To determine the specificity of Ab-3pHis, we carried out peptide dot blot assays with a series of histone H4 tail peptides harboring the two pTza isomers (13, 14) as well as His (15), pTyr (16), pSer (17), or pThr (18) (Figure 2a). Gratifyingly, Ab-3pHis only recognizes 13 but not 14—18, demonstrating no cross-reactivity toward His or other phosphoamino acid residues.
Figure 2
Figure 2
(a) Peptide dot blot using Ab-3pHis. The indicated peptides were labeled with 5-iodoacetamidofluorescein and spotted on a PVDF membrane (50 pmol each). To check for equal loading, the fluorescence of the same membrane was recorded at 520 nm upon excitation (more ...)

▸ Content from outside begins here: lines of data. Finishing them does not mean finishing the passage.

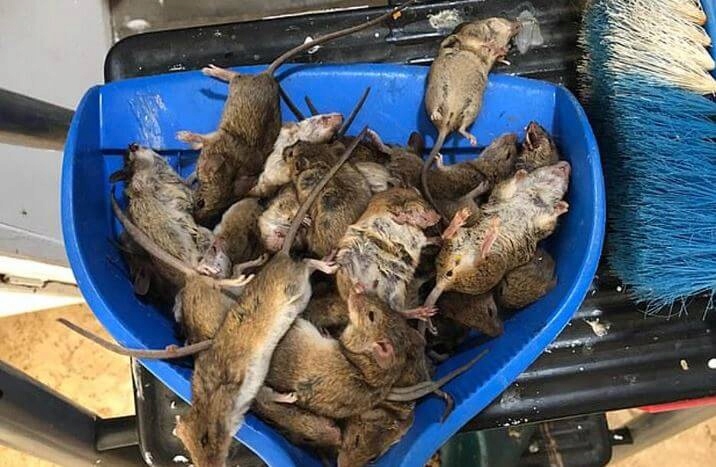 Mouse poison rats TOXAN liquid 1L Kind poison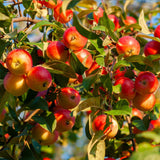 Red Delicious Apple Tree Live Plant for Planting, 1.5-2 Feet Height, Apple Plant Live for Planting, Live Apple Tree Plant, Bareroot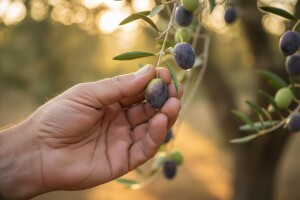 Mjere u zaštiti masline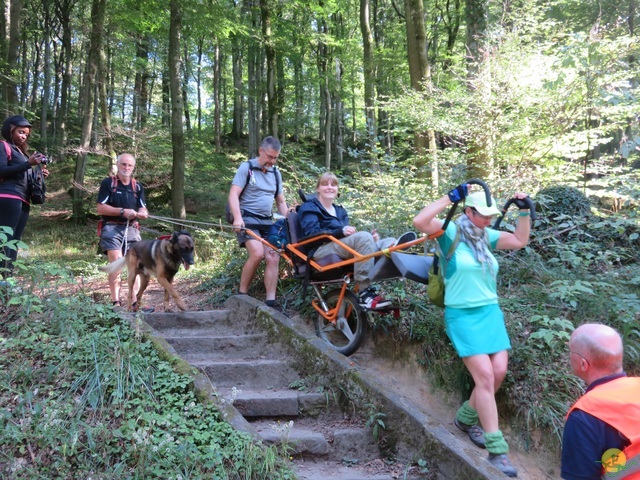 Randonnée joëlettes à Berdorf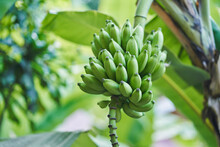 Green Bananas Growing In Jungle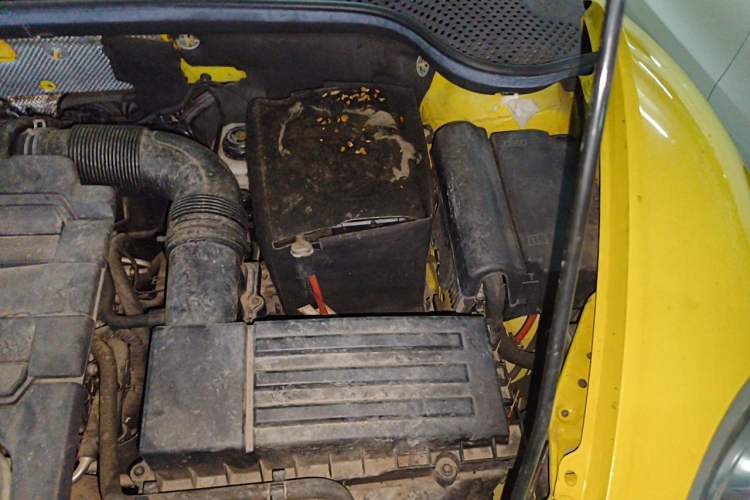 Used Volkswagen Beetle 2015 280TSI Engine Bay Left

To validate the cross-reactivity of Ab-3pHis toward the phosphorylated full-length histone H4, recombinant histone H4 protein was chemically phosphorylated on histidines in 3-pHis form, following well-established protocols.25 Western blot analysis clearly shows that Ab-3pHis selectively recognizes the histidine-phosphorylated histone H4, but not the nonphosphorylated counterpart (Figure 2b). Acid treatment of the phosphorylated histone abolishes this antibody recognition, showing that phosphorylation is indeed at histidine. Since histone H4 has two histidines (His18 and His75), we also tested mutant histones lacking each histidine. Experiments using these mutants show that Ab-3pHis selectively recognizes the phosphorylation of His18 residue, as per our design. Notably, Ab-3pHis was also specific for histidine-phosphorylated histone H4 in the presence of a mammalian cell lysate (Figure S5, SI). To the best of our knowledge, this constitutes the first example of an antibody that selectively recognizes a pHis-containing protein.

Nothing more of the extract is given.